Der folgende Text ist eine Zeitreise. Er entstand aus einer Vorlesung, die ich 1979 hielt, und wurde 1981 in gekürzter Form publiziert. In einer Ära, in der Computer noch raumfüllende, geheimnisvolle Maschinen waren, versuchte dieser Artikel, die fundamentalen Fragen der aufkommenden Künstlichen Intelligenz zu erörtern.
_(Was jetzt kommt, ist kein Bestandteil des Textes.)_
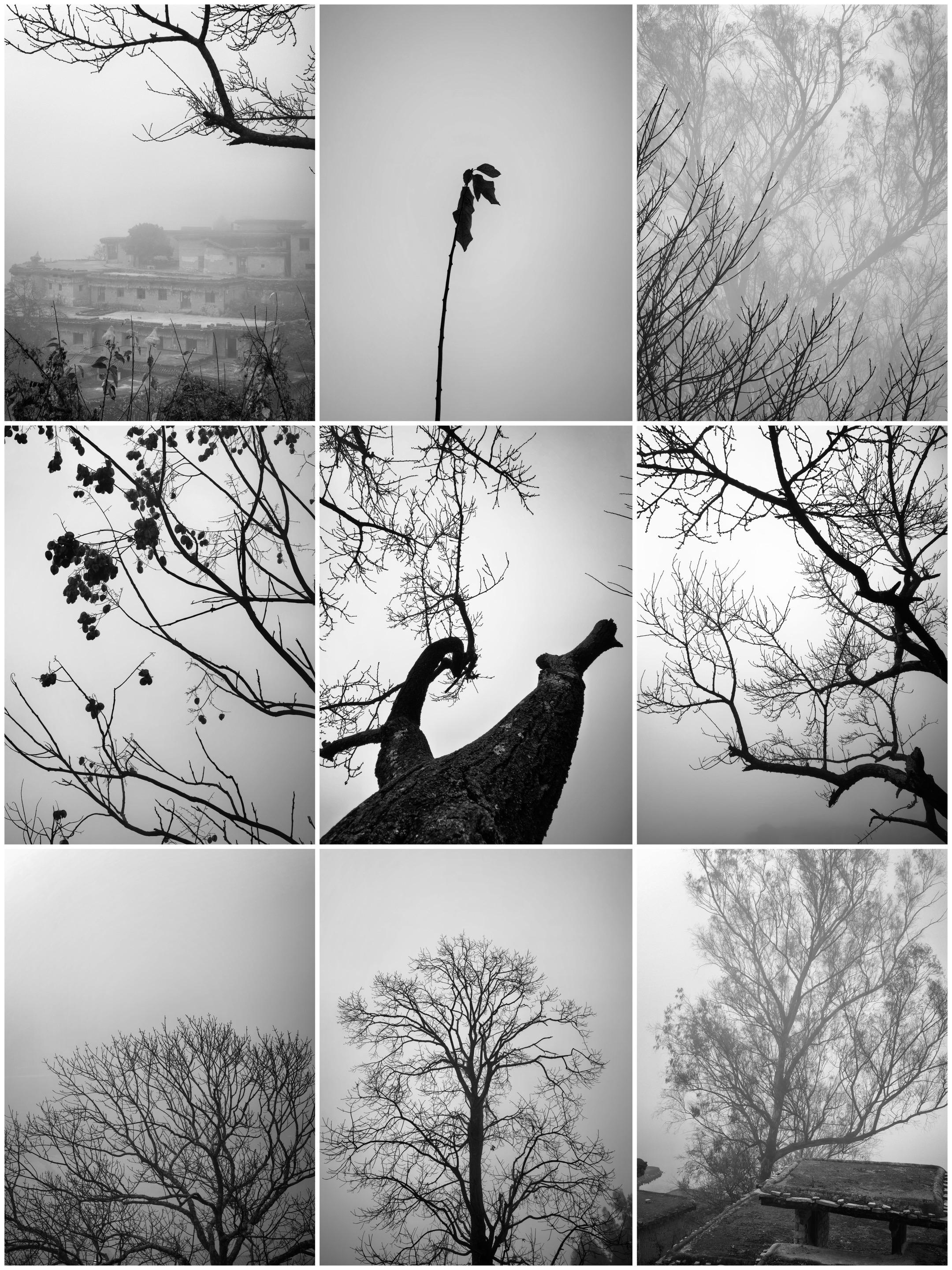 手机摄影笔记｜在城子古村的晨雾里，邂逅黑白交织的慢生活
Heute, über 45 Jahre später, in einer Welt, in der KI unseren Alltag durchdringt, ist es verblüffend zu sehen, welche dieser frühen Überlegungen Bestand haben.
Damals sprach ich von einer „explosionsartigen Erhöhung der Leistungsfähigkeit von Computern“. Ich konnte nicht ahnen, dass diese Explosion im Vergleich zu heute nur ein Funke war. Die Rechenleistung, die Datenmengen und die Komplexität der Algorithmen haben sich in einem Maße entwickelt, das selbst die kühnsten Prognosen von damals übertrifft.
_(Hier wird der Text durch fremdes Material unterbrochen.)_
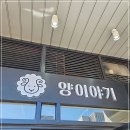 양이야기 이미지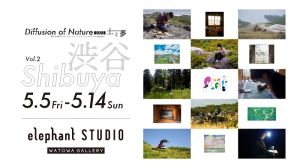 WATOWA GALLERY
Und doch sind die zentralen Fragen dieselben geblieben:
- Vom Dame-Programm zu Deep Learning: Das damals als Beispiel dienende Dame-Programm von A.L. Samuel, das durch „verallgemeinerndes Lernen“ seinen eigenen Schöpfer besiegte, mag heute einfach erscheinen. Doch das Prinzip dahinter ist der direkte Vorfahre der neuronalen Netze und des Deep Learnings, die heute AlphaGo zum Sieg über Go-Weltmeister verhelfen und die Grundlage für Sprachmodelle wie ChatGPT bilden. Das grundlegende Konzept – die Maschine lernt aus Erfahrung und verbessert ihre Bewertungsmaßstäbe – ist identisch.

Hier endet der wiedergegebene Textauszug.